Your assignment: For the data below, give again exactly the lines from the one containing "Weaver 3077 O" through the one containing "The Wizard's Legacy", both ends included, and no others.

=== Section Start ===

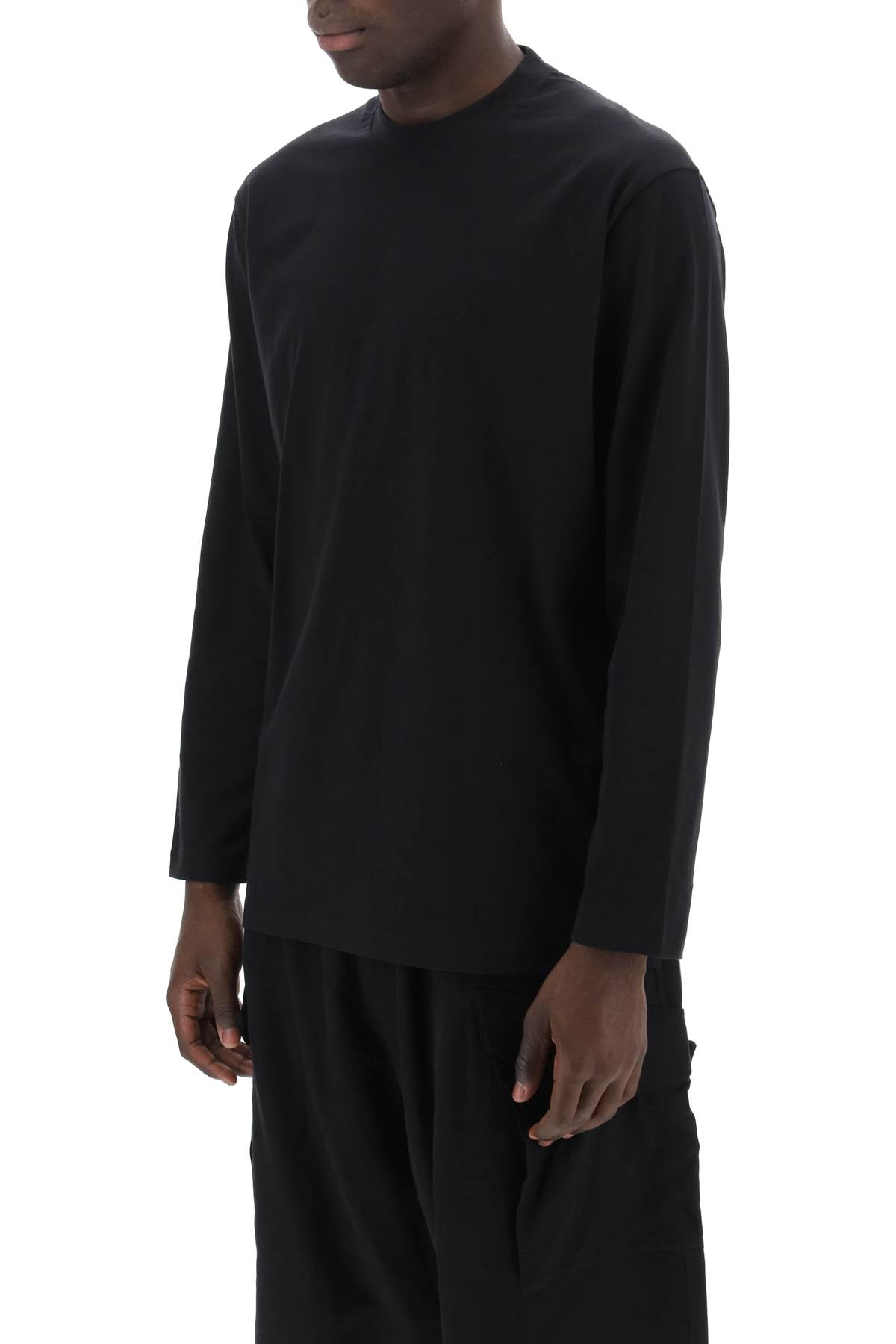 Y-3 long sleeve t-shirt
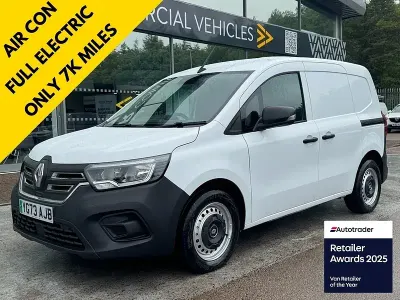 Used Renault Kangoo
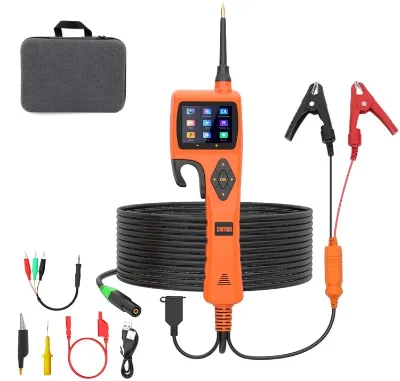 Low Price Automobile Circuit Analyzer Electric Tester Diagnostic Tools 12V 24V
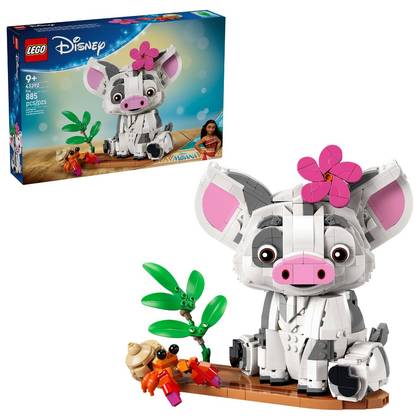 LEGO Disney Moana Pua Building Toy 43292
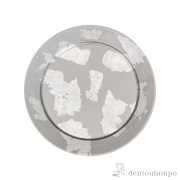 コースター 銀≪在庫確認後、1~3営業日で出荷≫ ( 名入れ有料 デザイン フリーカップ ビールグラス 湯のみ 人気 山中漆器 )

=== Section End ===
=== Section Start ===

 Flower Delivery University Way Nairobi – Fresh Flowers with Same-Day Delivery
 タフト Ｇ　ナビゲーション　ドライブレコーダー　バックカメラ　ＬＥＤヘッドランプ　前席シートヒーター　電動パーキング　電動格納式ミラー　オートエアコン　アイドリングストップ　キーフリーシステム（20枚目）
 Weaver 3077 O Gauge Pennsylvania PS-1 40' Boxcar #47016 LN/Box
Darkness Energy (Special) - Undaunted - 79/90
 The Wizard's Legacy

=== Section End ===

Result below:
 Weaver 3077 O Gauge Pennsylvania PS-1 40' Boxcar #47016 LN/Box
Darkness Energy (Special) - Undaunted - 79/90
 The Wizard's Legacy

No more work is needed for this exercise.